What is expected: Repeat each entry as written, dropping any picture you find.

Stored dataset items
________

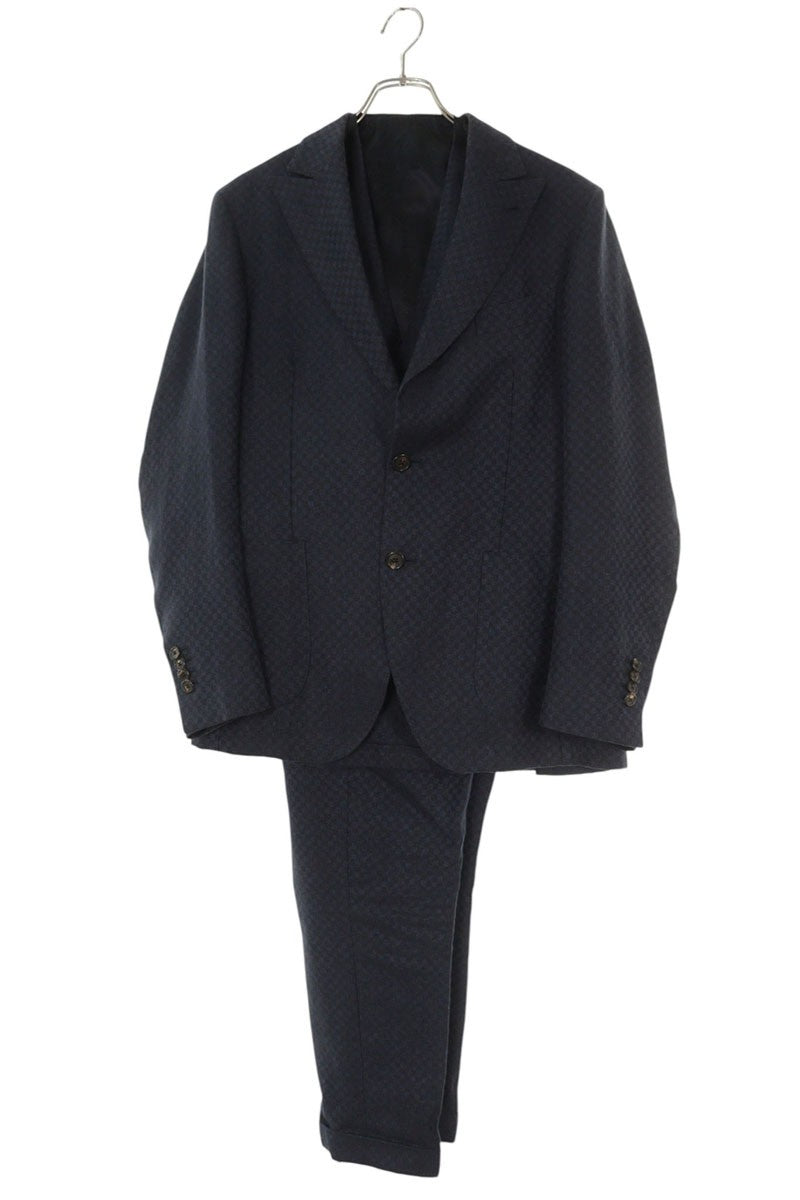 GABRIELE PASINI Navy Linen Check 3-Piece Suit Size 46R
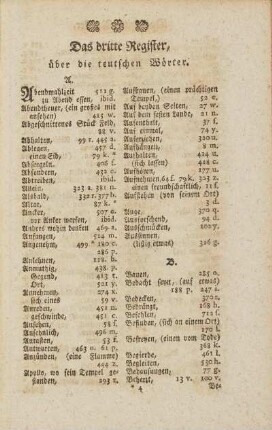 Das dritte Register, über die teutschen Wörter.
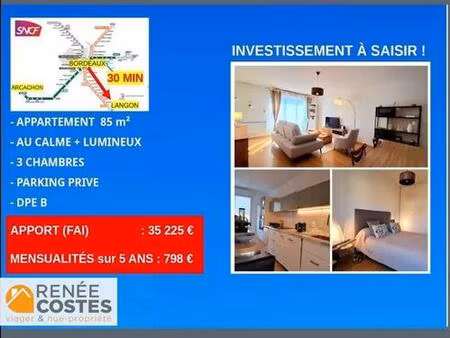 vente à terme occupée sur 60 mois - langon (33210)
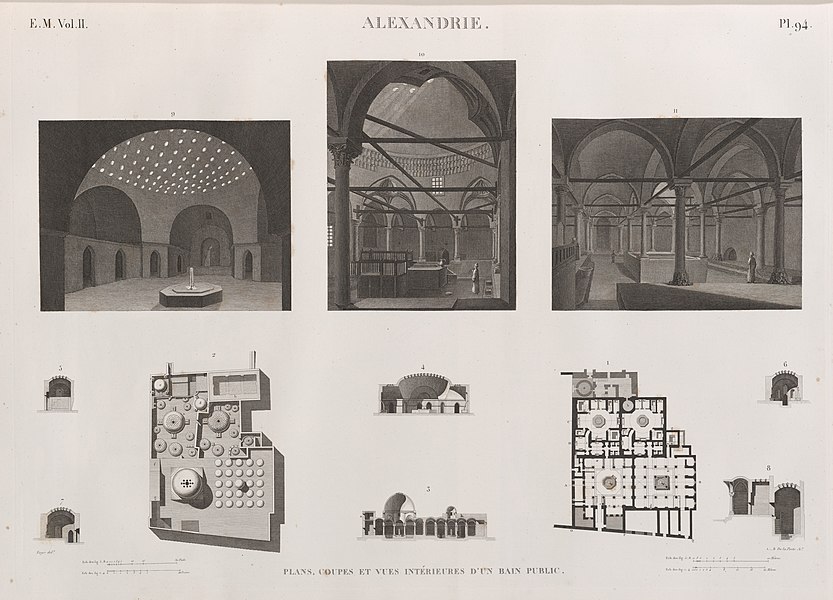 Pl.94 - Plans, coupes et vues intérieurs des bains publics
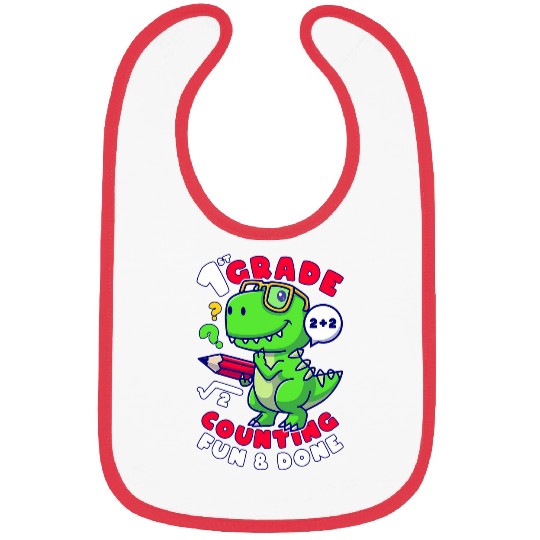 Back To School Boy 1st Grade Dinosaur First Day of School Bibs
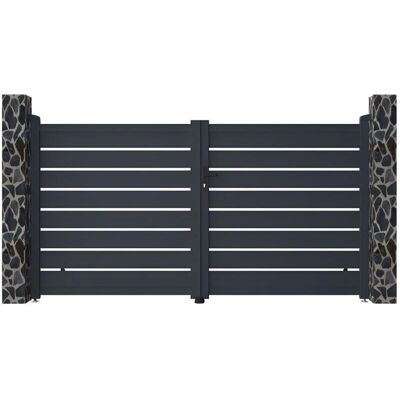 Portail en aluminium Expertland - Personnalisable - 300cm x 158cm - Portail Portail en aluminium Expertland - Personnalisable - 300cm x 158cm - Portail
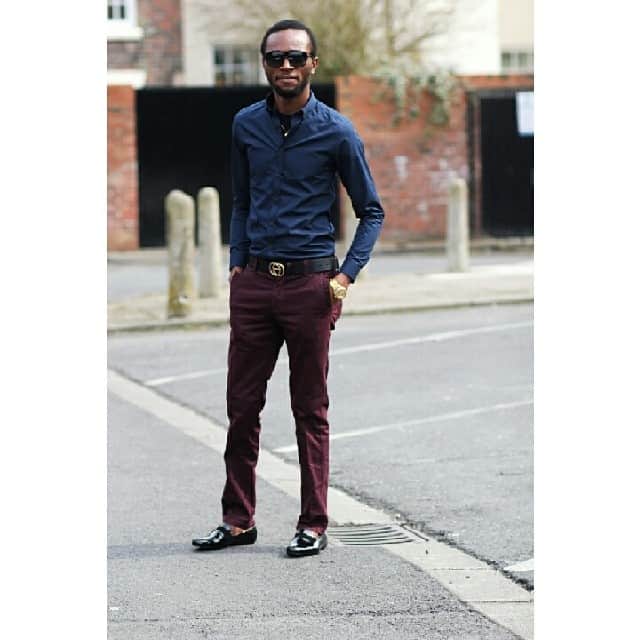 Mens Red Pants Trousers Navy Blue Style
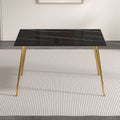 Modern Minimalist Rectangular Black Imitation Marble Dining Table, 0.3 Inches Thick, Gold Color Metal Legs, Suitable For Kitchen, Dining Room, And Living Room 51.2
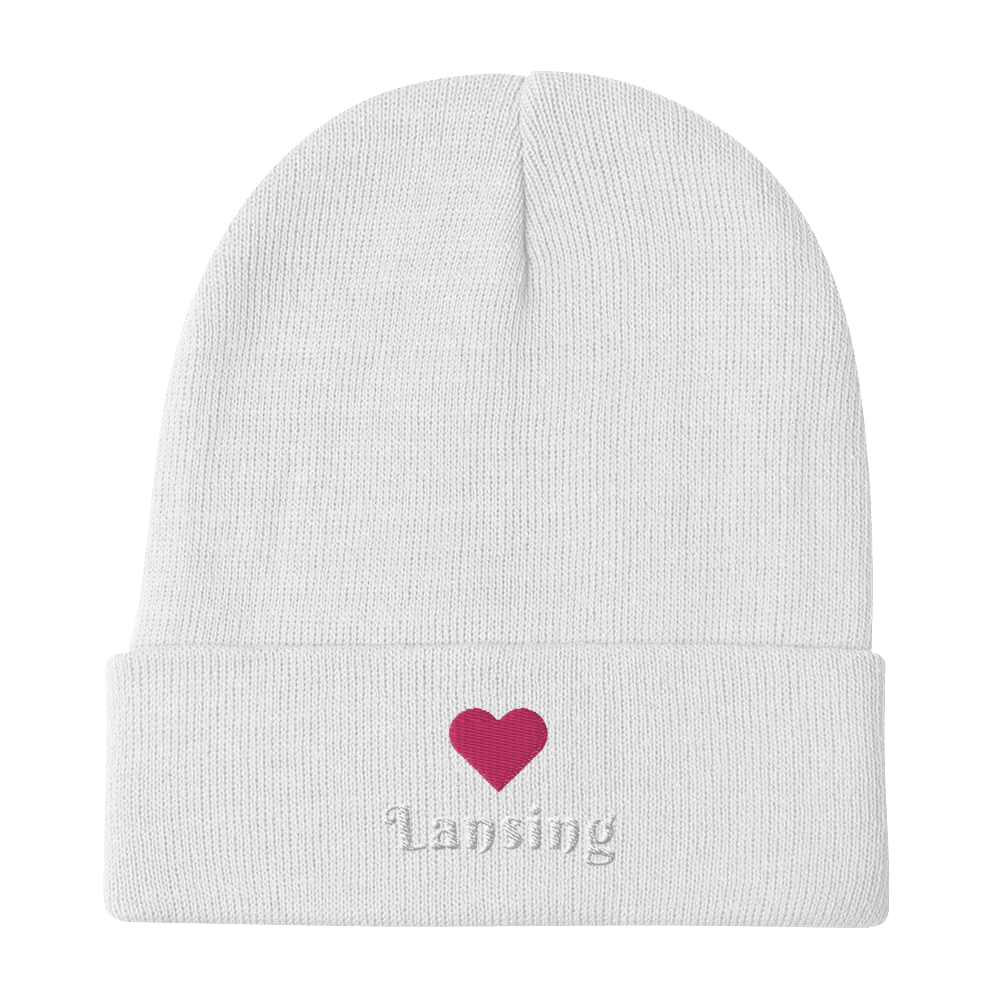 'Lansing' Winter Beanie (w/ Heart Outline) - Circumspice Michigan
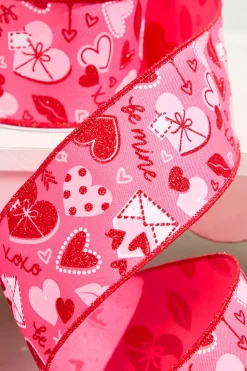 2.5" x 10 Yards Valentine Love Letter Ribbon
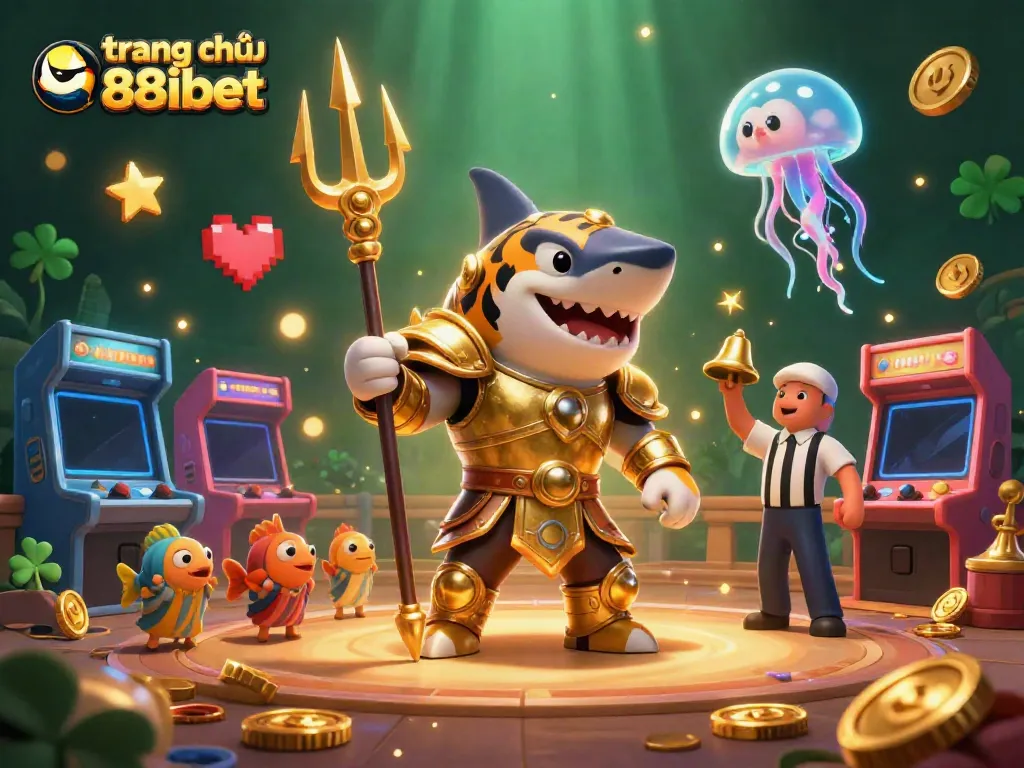Engage in the colorful realm of trang chủ 88ibet, featuring an animated tiger shark and exciting gaming elements.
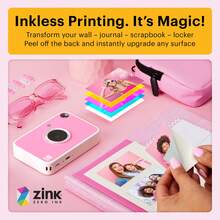 KODAK Printomatic+ Instant Print Digital Camera 10MP Portable Camera With Interactive RGB LED Status Indicator, Prints Full-Color Photos On Zink 2x3" Sticky-Backed Photo Paper - Easy & Fun - Pink - View 5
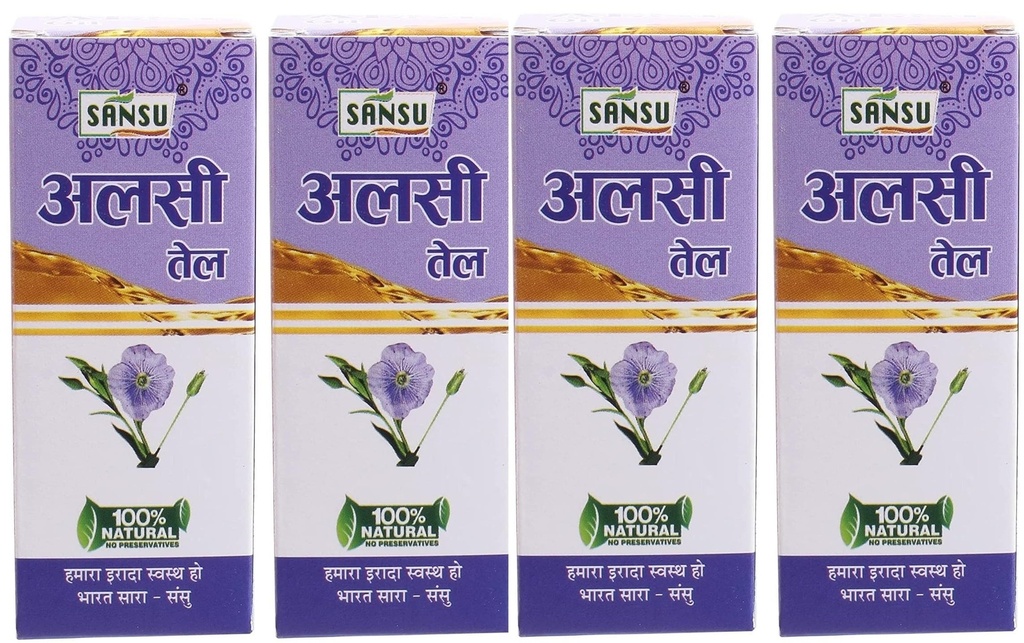 Sansu Alsi Ka Tail (Flaxseed Oil) 50ml (Pack of 4).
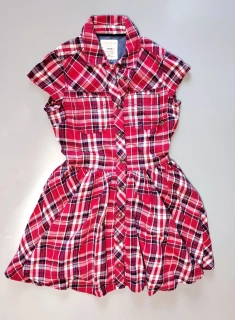 Šaty M&S vel. 140 červené kostkované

________

Solution:
 GABRIELE PASINI Navy Linen Check 3-Piece Suit Size 46R
 Das dritte Register, über die teutschen Wörter.
 vente à terme occupée sur 60 mois - langon (33210)
 Pl.94 - Plans, coupes et vues intérieurs des bains publics
 Back To School Boy 1st Grade Dinosaur First Day of School Bibs
 Portail en aluminium Expertland - Personnalisable - 300cm x 158cm - Portail Portail en aluminium Expertland - Personnalisable - 300cm x 158cm - Portail
 Mens Red Pants Trousers Navy Blue Style
 Modern Minimalist Rectangular Black Imitation Marble Dining Table, 0.3 Inches Thick, Gold Color Metal Legs, Suitable For Kitchen, Dining Room, And Living Room 51.2
 'Lansing' Winter Beanie (w/ Heart Outline) - Circumspice Michigan
 2.5" x 10 Yards Valentine Love Letter Ribbon
Engage in the colorful realm of trang chủ 88ibet, featuring an animated tiger shark and exciting gaming elements.
 KODAK Printomatic+ Instant Print Digital Camera 10MP Portable Camera With Interactive RGB LED Status Indicator, Prints Full-Color Photos On Zink 2x3" Sticky-Backed Photo Paper - Easy & Fun - Pink - View 5
 Sansu Alsi Ka Tail (Flaxseed Oil) 50ml (Pack of 4).
 Šaty M&S vel. 140 červené kostkované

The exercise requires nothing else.